Felly mengelus dadanya untuk menenangkan jantungnya yang barusan lompat. Dengan kesal, Felly menarik kopernya menuju ke arah Felix. Mata Felly menyorot dengan sengit sedangkan mulutnya cemberut maksimal. "Terlalu sulit memaksa seseorang ya? Sampai kau harus membuat perusahaanku yang turun tangan dan kerepotan karena perintahmu."
Felix mengedipkan matanya dengan lucu dan lugu. "Bagaimana kau bisa tahu? Kau pesulap? Peramal? Pembaca pikiran?"
"Felix!!! Kau tidak malu bersikap sok imut seperti itu?!" Kesal Felly dengan wajah mencemooh.
"Kenapa harus malu? Aku kan imut."
"Hanya laki-laki gay yang mengakui dirinya imut," balas Felly, membuat Felix tergelak. Felly yang masih merasakan lelah segera menarik kopernya dan menyimpannya di samping ranjang. "Pergilah, aku tidak memiliki kekuatan berdebat denganmu. Aku lelah, ingin tidur."
"Kau pucat sekali. Apa kau sakit?"
"Ya. Aku sakit, dan aku butuh tidur untuk sembuh. Jadi, pergilah."
Alis Felix mengernyit tidak nyaman mendengarnya. "Benarkah?"
Dan tanpa Felly duga, Felix menarik tubuh lemah Felly hingga Felly harus jatuh terduduk di atas pangkuan Felix.
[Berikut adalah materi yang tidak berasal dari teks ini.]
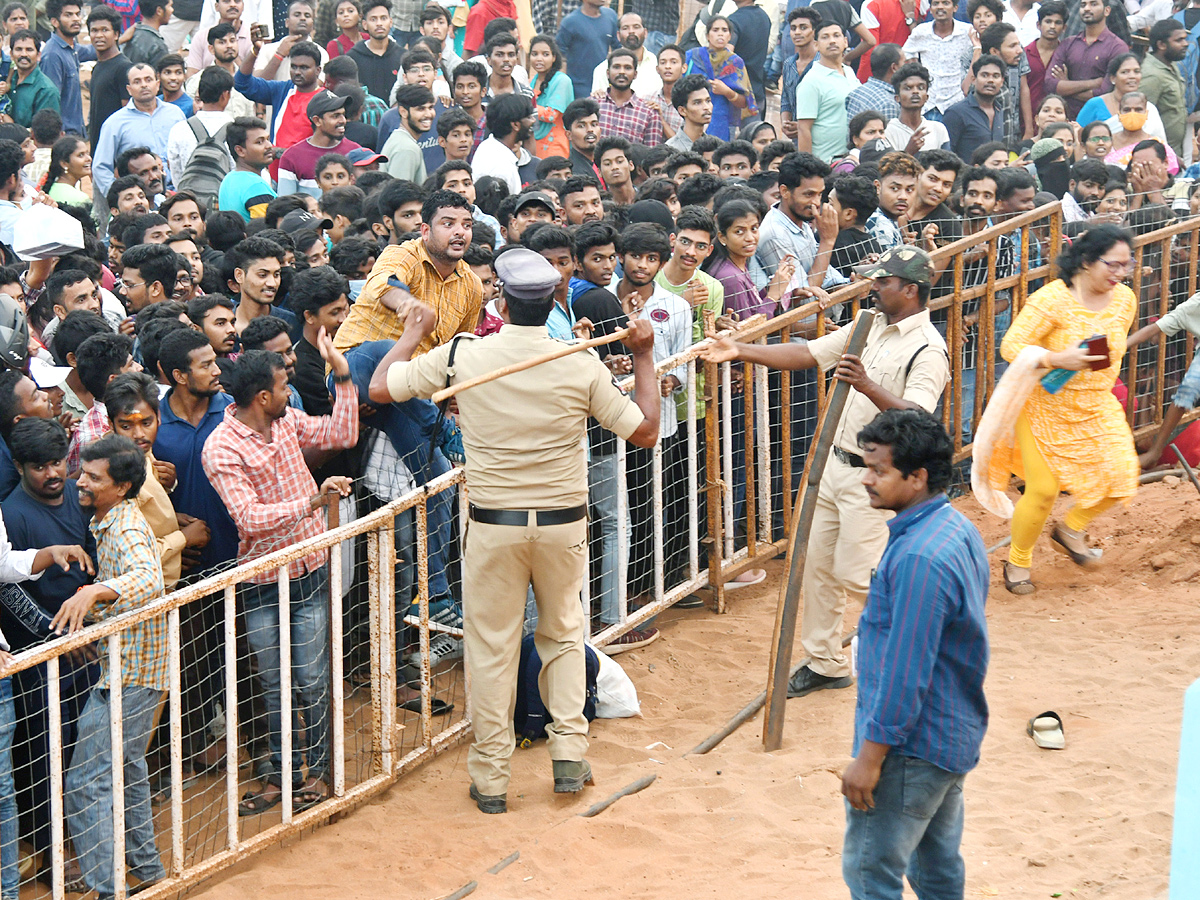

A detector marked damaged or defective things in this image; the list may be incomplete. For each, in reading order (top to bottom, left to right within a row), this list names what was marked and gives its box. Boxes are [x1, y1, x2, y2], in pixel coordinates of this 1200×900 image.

rusty fence [9, 200, 1200, 896]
Sedangkan telapak tangan Felix menempel di dahi Felly.
Sempat menegang sejenak karena perlakuan Felix, Felly segera mencoba melepaskan diri dari Felix. "Lix, apa yang—"
"Ssttt, diamlah. Jika tidak, kau akan membangunkan sesuatu di bawah sana." Ucap Felix dengan wajahnya yang sudah sangat dekat dengan Felly.
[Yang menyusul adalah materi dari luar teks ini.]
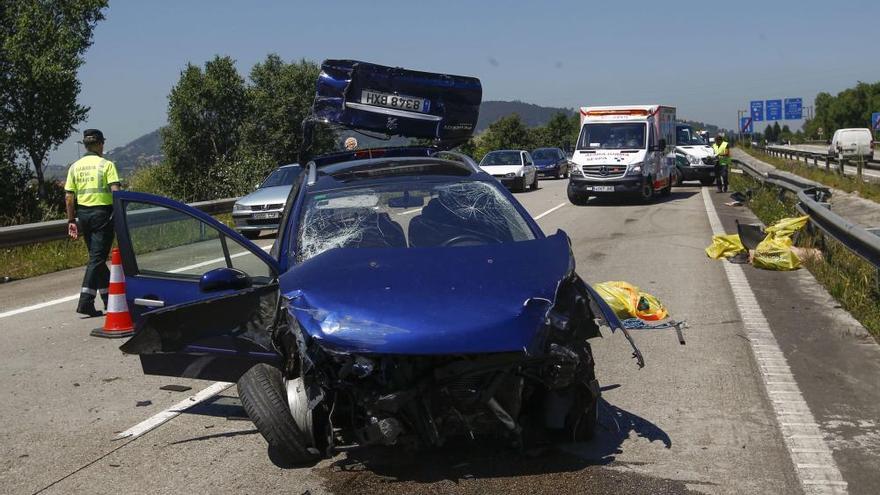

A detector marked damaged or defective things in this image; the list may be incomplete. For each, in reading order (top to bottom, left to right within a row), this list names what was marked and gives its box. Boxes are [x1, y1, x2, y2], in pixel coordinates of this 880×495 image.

blue damaged car [115, 60, 640, 464]
shattered windshield [298, 179, 536, 264]
crumpled car hood on roof [278, 233, 576, 354]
"Y-ya karena itu, lepaskan aku." Gugup Felly.
Namun Felix malah menggantikan tangannya yang menempel di dahi Felly dengan dahinya sendiri. Felly otomatis menegang mendapat perlakuan seperti itu dari kakaknya. Matanya membulat penuh tanpa bisa berkedip kala menatap mata yang balas menatapnya dengan intens.
"Kau benar-benar demam," bisik Felix, tepat di depan bibirnya. Sedangkan Felly hanya dapat menelan ludah dengan susah payah. Tangannya mencengkram jas yang berada di bahu Felix. "Kenapa bisa demam?"
Felly otomatis mengedipkan matanya berkali-kali mendengar pertanyaan Felix. "Kenapa lagi memangnya? Tentu saja karena kau menekanku, membuatku stress dan sakit. Kau tidak menyadarinya?"
KAMU SEDANG MEMBACA
Hot Devil [#TDS3]
RomanceSELURUH KARYA MADE IN EARTH DILINDUNGI OLEH PROFESIONAL HUKUM PURE PUBLISHING!! PLAGIAT AKAN DIKENAKAN DENDA MINIMAL 500 JUTA DAN PENJARA MINIMAL 2 TAHUN [Cerita Felix - Felly] Konten dewasa 21+ "Kau pikir, aku akan membiarkanmu lepas begitu saja? B...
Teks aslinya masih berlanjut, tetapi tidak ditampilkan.